30 May 2012
After growing up in the Eastern Townships and being a lifelong aviation buff, I was astonished to learn about the genuine, unrestored Fokker DVII that resides in Knowlton (Lac Brome), Quebec.
I finally managed to see and photograph this machine last week. All I can say is “wow”. The aircraft is a gem, as is the museum. Where else can one see a genuine 1918 Albatros factory-applied lozenge camouflage pattern surrounded by period 1921 stained glass?
This small museum is operated by the Brome Lake Historical Society, a body that receives almost no government funding. Knowlton is located about 1.5 hours east of Montreal, and is equidistant to the Quebec-Vermont border at Stanstead. There is a modest ($5.00 Cdn.) admission fee. The museum is tripod and camera friendly. Language barriers are non-existent. Most people in this part of Quebec are fluently bilingual (French and English). I found the museum volunteers to be friendly and helpful, although they seemed somewhat bemused that somebody would actually travel across the country from British Columbia just to see an old aeroplane…a feeling shared by my long-suffering wife Heather!
The museum has no official website, but an excellent photo essay of this airframe, including more numerous and better quality images than mine, can be found here. Edward Soye, who wrote his masters thesis on the subject, has published a terrific article here.
I hope you enjoy the photos as much as I enjoyed finally getting to see this rare bird!

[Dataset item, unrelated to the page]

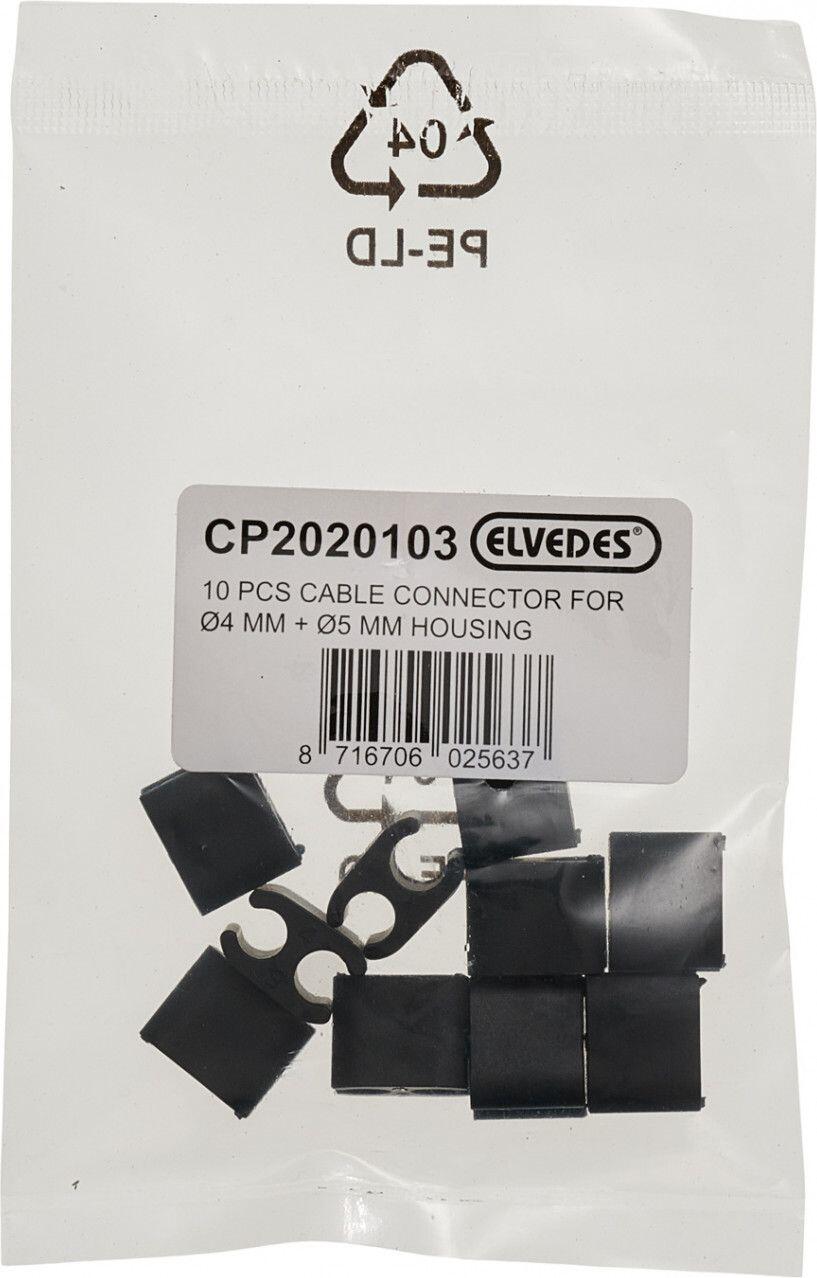 Elvedes Clips de Câble Duo Noir 4.1+5mm - Pack de 10 2/2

Incidentally, my late grandfather Albert Edward Bryant served at Mons, Vimy and Ypres in the 6th (McGill) Siege Battery. Seeing this amazingly well-done local museum brought tears to my eyes and made it really hard to hold the camera steady. That’s my story and I’m sticking to it.
Click on any image to start a full-screen slide-show (and hit “Esc” to return here)
Entrance to the museum
Remember. It’s just an old wooden propeller…it’s just an old wooden propeller…it’s just an old…
But it’s attached to this!
and the whole darn thing is surrounded by all this gorgeous old-growth wood and wonderful stained glass…
Now I’m quite certain nobody has dusted here recently, and the lighting is less than perfect, but there is a helpful stairwell on the NE corner of the building that allows one to see the topside of the aircraft. I used one of those small “gorillapod” travel tripods to wrap around the stairwell railings. A very handy gadget even with my rather heavy Nikon D90. Note that the aircraft is not pristine. There is noticeable fabric damage in a few areas, including the top of port wing visible here. I’m glad nobody has tried to fix it in the interests of “restoration”.
Did I mention the unbelievedly gorgeous stained glass? 🙂 It makes getting the white balance rather tough for poor photographers like myself, but the natural light gives a warm glow to everything in a building that hasn’t changed much since 1921 when it was built expressly to house the Fokker, and ceremoniously opened by then-Prime Minister of Canada Robert Borden.
More fabric damage, this time on the port rear fuselage. This may have happened sometime after 1962 when the aircraft was last moved outside at the Canada Aviation Museum and reassembled in the current location, but this is pure speculation on my part. The damage does not look “new” to me.
The engine bay appears complete to me, but I’m no expert
Undercarriage detail. I was quite taken by the quaint Boy Scout mounting technique. Seriously. Is that a square lashing or the prototype for a bungee cord?
Underside port wing. This was the only place where the lozenge camouflage was noticeably irregular compared to the rest of the airframe. To my untrained eye this looks like a patch job, but was it done in 1963 or 1921 or 1918?
Others before me have noted that various parts of the airframe show different serial numbers. Apparently changing elevators/rudders/ailerons and other components was fairly typical in the field during WWI. Remember that the Fokker DVII only started arriving on front lines in April 1918. So was this a genuine field mod or a re-assembly of components by the Canadian Government after one Senator Bolton of Knowlton politely asked “could we pretty please have an aeroplane for our museum?” Trivia. Total travel cost to ship a Fokker by train from Camp Borden, Ontario to Knowlten, Quebec in 1920? $112.50 Cdn. Those were the days my friend.
The cockpit area seems to be completely intact. Sadly my detailed pics of the dual spandaus turned out poorly.
For me the most incredible part was the realization that this was not a museum re-creation. This was the original item created at the Albatros factory in 1918.
There were a bunch of other war trophies within the museum, including this mortar
and these incredible examples of WWI wartime propaganda juxtiposed beside another piece of exceptional glasswork.